Inference Configuration¶
InferenceConfig¶
The InferenceConfig class controls model loading and generation behavior.
import fuse
config = fuse.InferenceConfig(
model_name="bartowski/Llama-3.2-1B-Instruct-GGUF",
n_ctx=4096,
n_threads=8,
temperature=0.0,
)
backend = fuse.LlamaCppBackend.from_config(config)
Parameters¶
| Parameter | Type | Default | Description |
|---|---|---|---|
model_name |
str \| None |
None |
HuggingFace GGUF repo name (e.g., bartowski/Llama-3.2-1B-Instruct-GGUF) |
model_path |
Path \| None |
None |
Local path to a GGUF model file |
gguf_filename |
str \| None |
None |
Specific GGUF filename to download from the repo |
n_ctx |
int |
2048 |
Context window size |
n_threads |
int |
4 |
Number of CPU threads for inference |
n_gpu_layers |
int |
0 |
Number of layers to offload to GPU (0 = CPU only) |
max_tokens |
int |
512 |
Maximum tokens to generate |
temperature |
float |
0.0 |
Sampling temperature (0.0 = deterministic) |
seed |
int |
42 |
Random seed for reproducibility |
Priority order¶
When creating a LlamaCppBackend, the model source is resolved in this order:
- Explicit
model_pathargument - Explicit
model_nameargument config.model_pathconfig.model_name
# These are all equivalent:
backend = fuse.LlamaCppBackend(model_name="bartowski/Llama-3.2-1B-Instruct-GGUF")
backend = fuse.LlamaCppBackend(config=fuse.InferenceConfig(model_name="bartowski/Llama-3.2-1B-Instruct-GGUF"))

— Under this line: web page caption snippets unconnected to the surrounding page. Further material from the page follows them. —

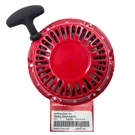 Kindza Genuine Recoil Starter 28400-Z4M-306ZB Rewind For Honda GX120. Fixed Price $60.83.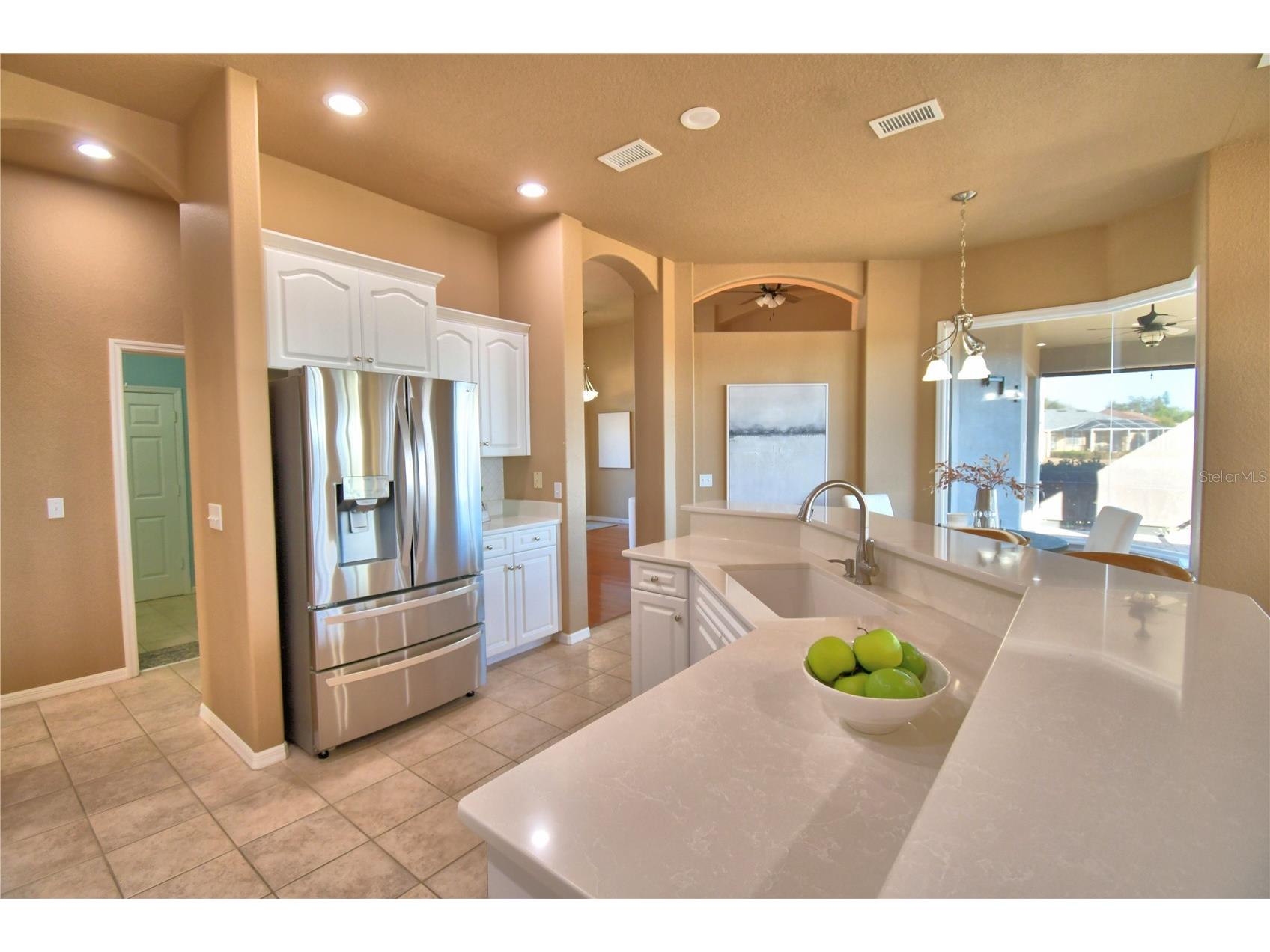 2618 High Ridge Drive Lakeland FL 33812 L4959078 image25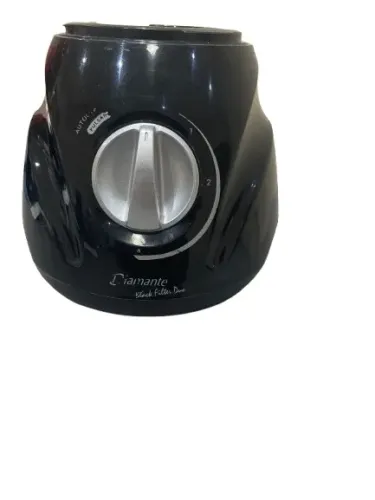 Liquidificador Britânia Diamante 220W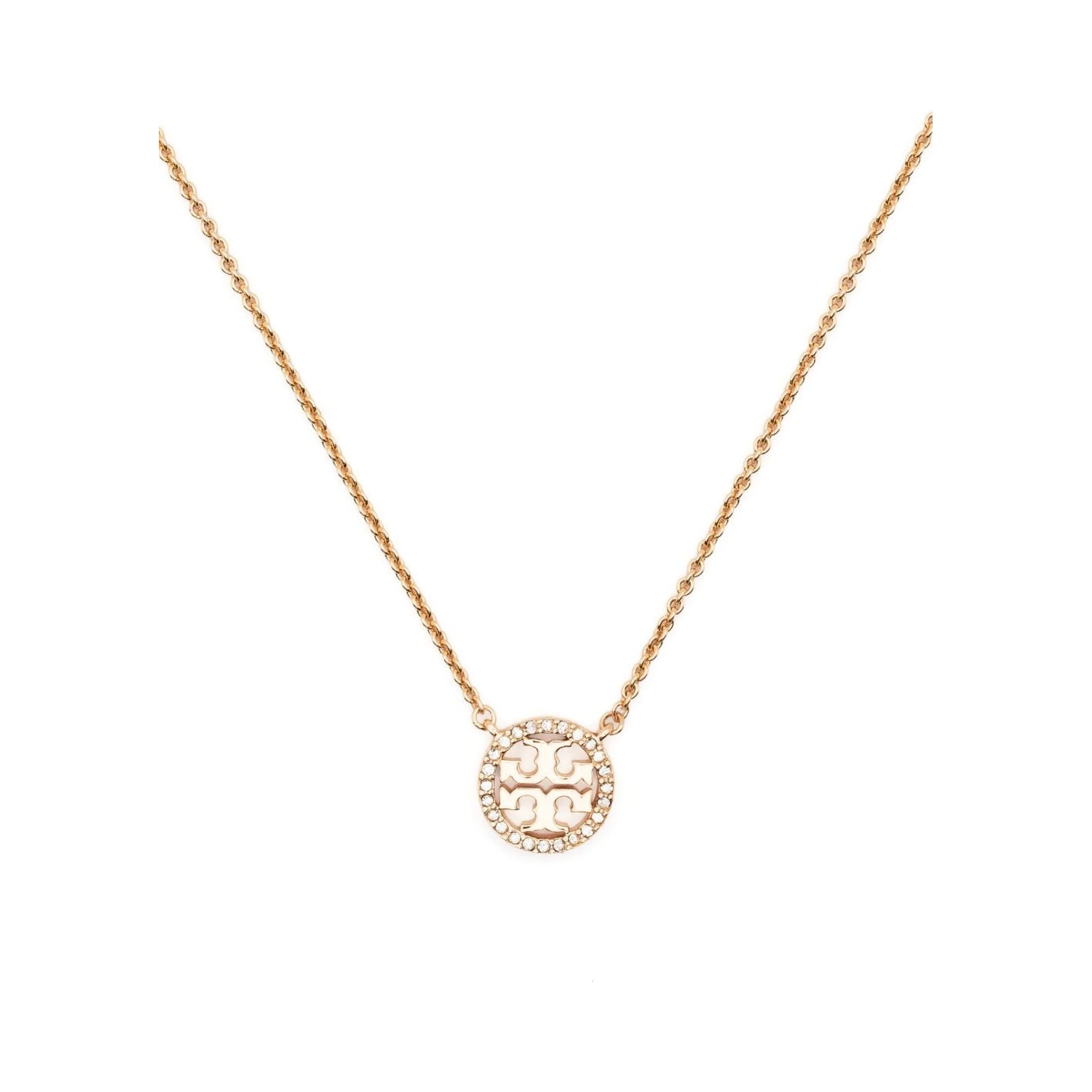 Tory Burch Bijoux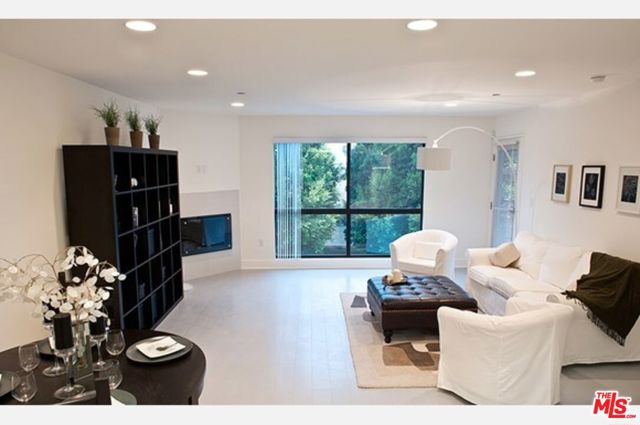 Image 2 for 1518 Federal #Penthouse 15, Los Angeles, CA 90025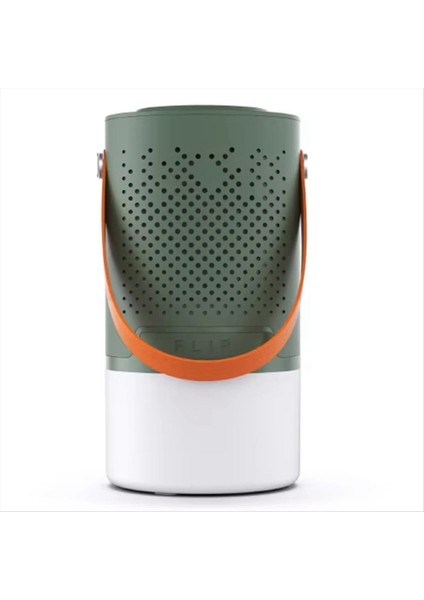 Kompakt ve Taşınabilir Bluetooth Tf Kart Aux Oynatma 5000MAH Işıklı IP66 Şarj Fonksiyonlu Bluetooth Hoparlör (Yurt Dışından) fiyatları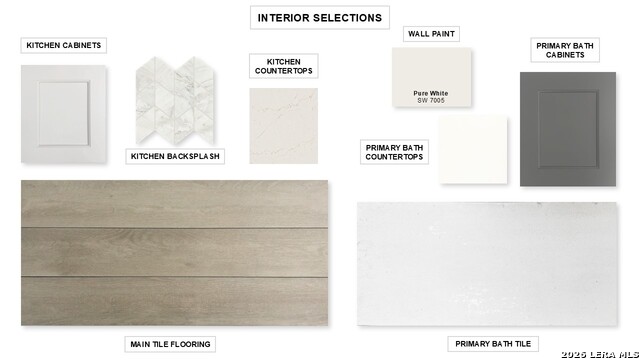 Image 2 of 4 For 13246 Hanging Willow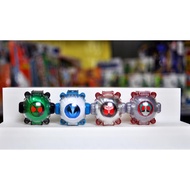 Kamen RIDER MODEL TOY HOT Candy - Gashapon Eyecon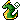 fRGbC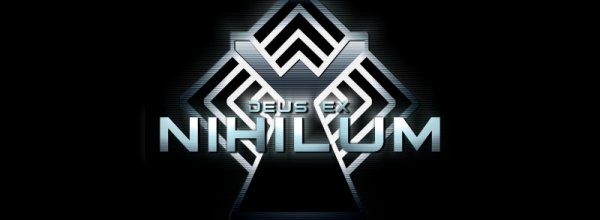 Deus Ex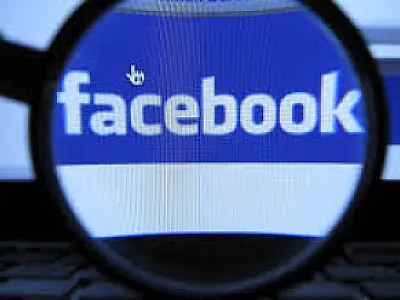Veja 10 dicas para sua empresa ser popular no Facebook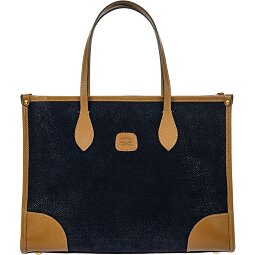 Bric's Life Shopper Tas S 35 cm Laptop compartiment  variant 1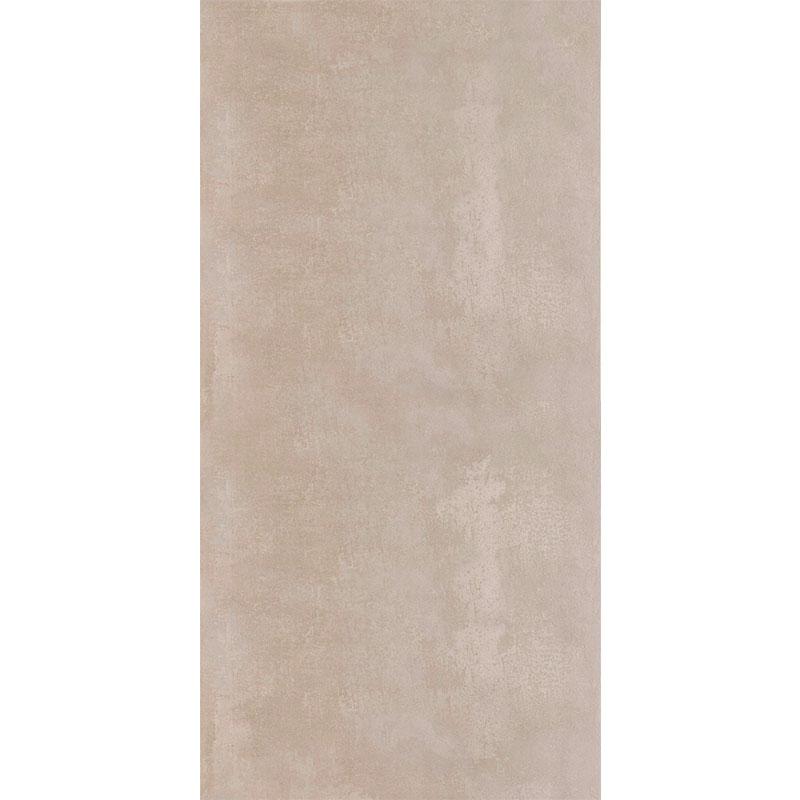 Marazzi MEMENTO CANVAS  75x150 cm 10.5 mm Mate 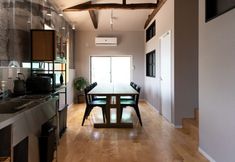 Others 3 Etcetera Guest House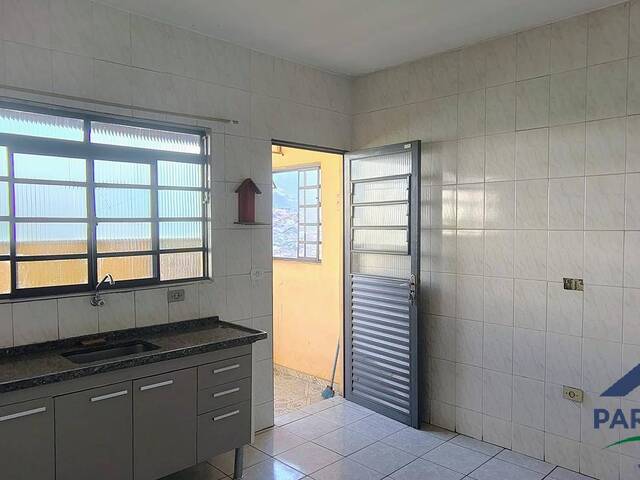 #380 - Casa para Venda em Paraisópolis - MG - 3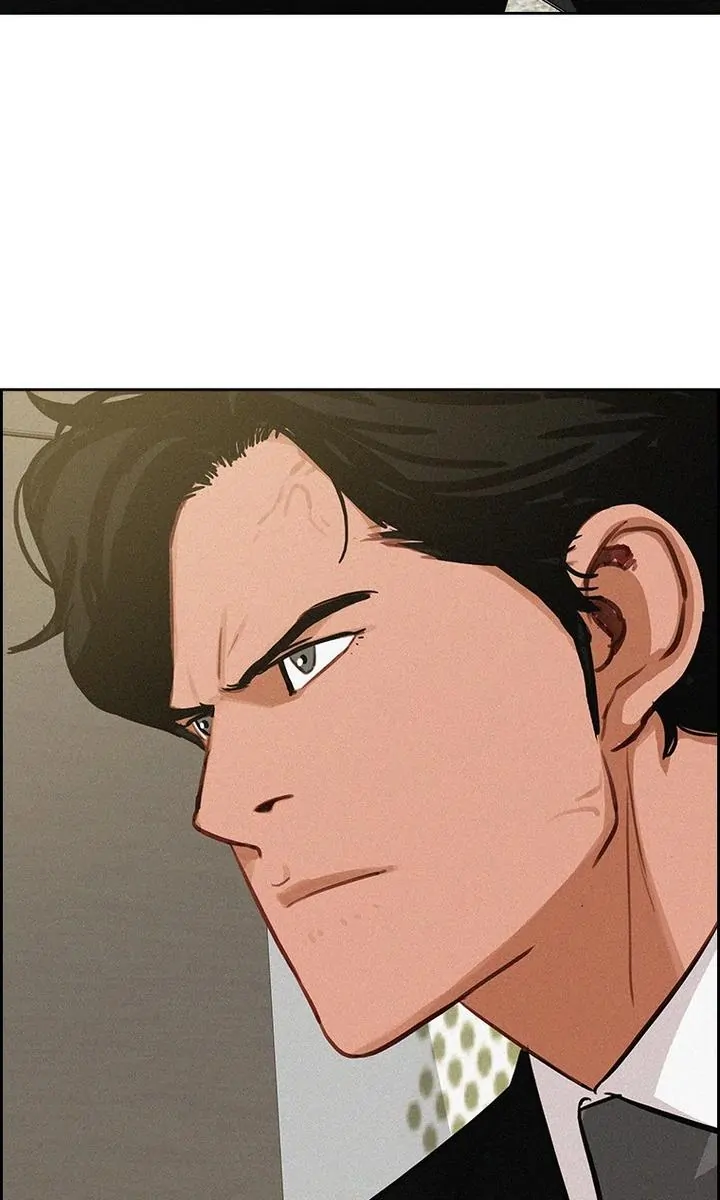 Chapter 179 - halaman 81
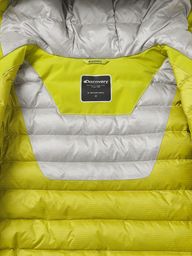 Thumbnail 14
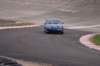 dsc01898_small.jpg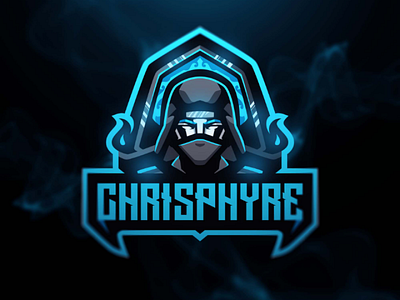 Gaming Channel Logo Designs Themes Templates And Downloadable Graphic Elements On Dribbble Gaming Channel Logo Designs Themes Templates And Downloadable Graphic Elements On Dribbble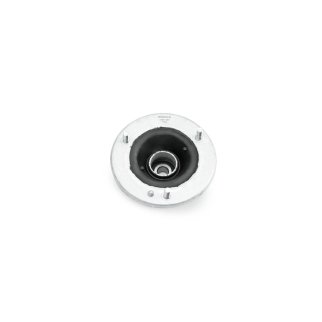 Опора переднего амортизатора BMW 3-серия E90/E91 (2005-2012), BMW X3 E83 (2004-2010) фото 3 Опора переднего амортизатора BMW 3-серия E90/E91 (2005-2012), BMW X3 E83 (2004-2010) фото 3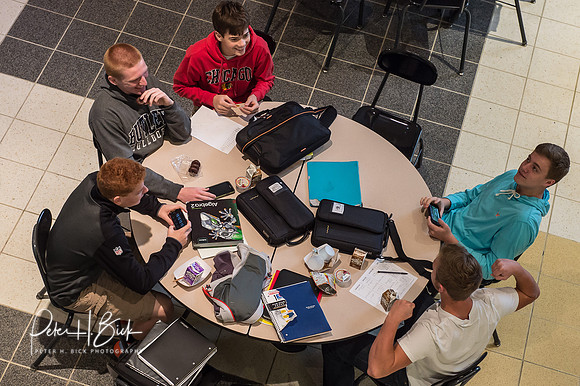Lapel Yearbook 11-16-15 0002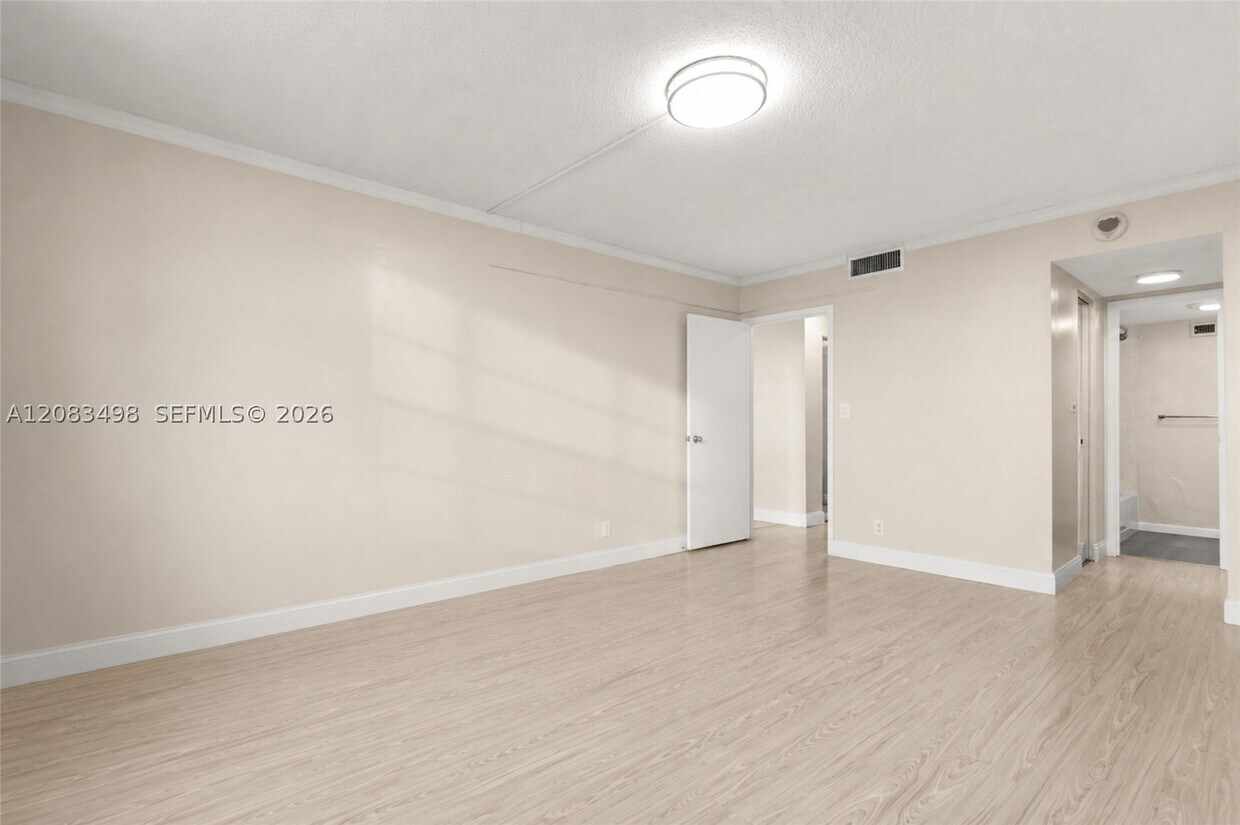 Foto del edificio - 2100 Sans Souci Blvd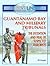 Guantanamo Bay And Military...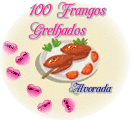 oie_QkpO0xFH1omz.gif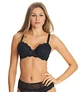 Бюстгальтер Freya Fancies 1013 75H Black (889500453536 ) - изображение 2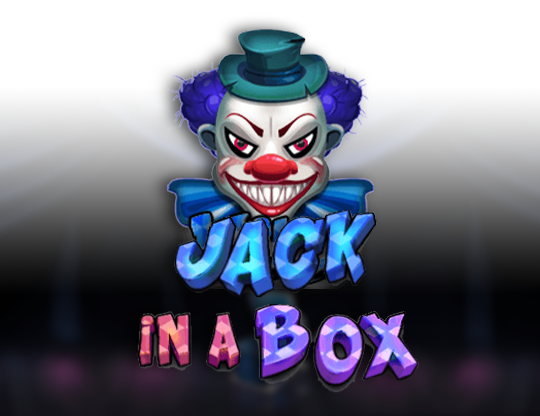 Jack in a Box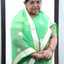 Bimladevi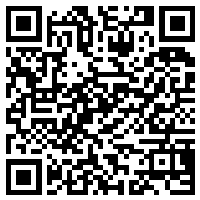QR Code for bitcoin:bitcoin:bitcoin:bitcoin:dash:XcsY5V7ZB6cixgQskk9MePBsdpSYaigSL1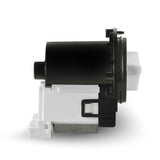 bd1246cc5778e9e1dd9bf417fd094f93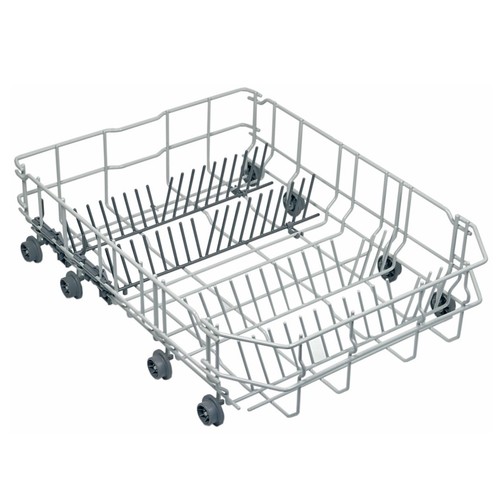 Panier compatible avec bosch - compatible,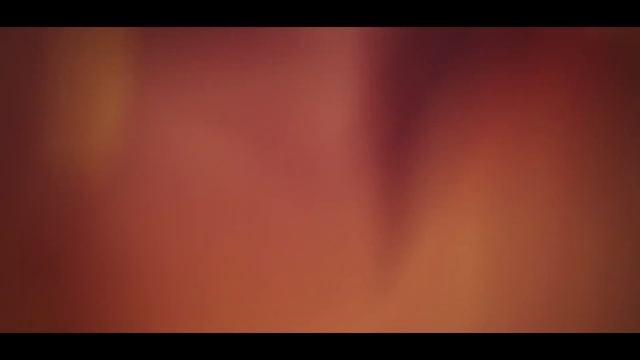 chemical veins / anime edit / amv смотреть онлайн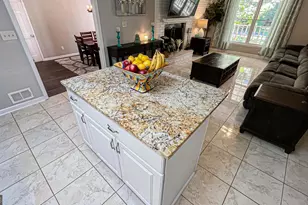 85 Hol-Mar Ct, McDonough, GA 30253 - Photo 46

backend = fuse.LlamaCppBackend.from_config(fuse.InferenceConfig(model_name="bartowski/Llama-3.2-1B-Instruct-GGUF"))
YAML config¶
Inference settings can also be specified in YAML config files used with the CLI:
model:
model_name: "bartowski/Llama-3.2-1B-Instruct-GGUF"
n_ctx: 4096
n_threads: 8
n_gpu_layers: 0
temperature: 0.0
seed: 42
This is the model section of an extraction config.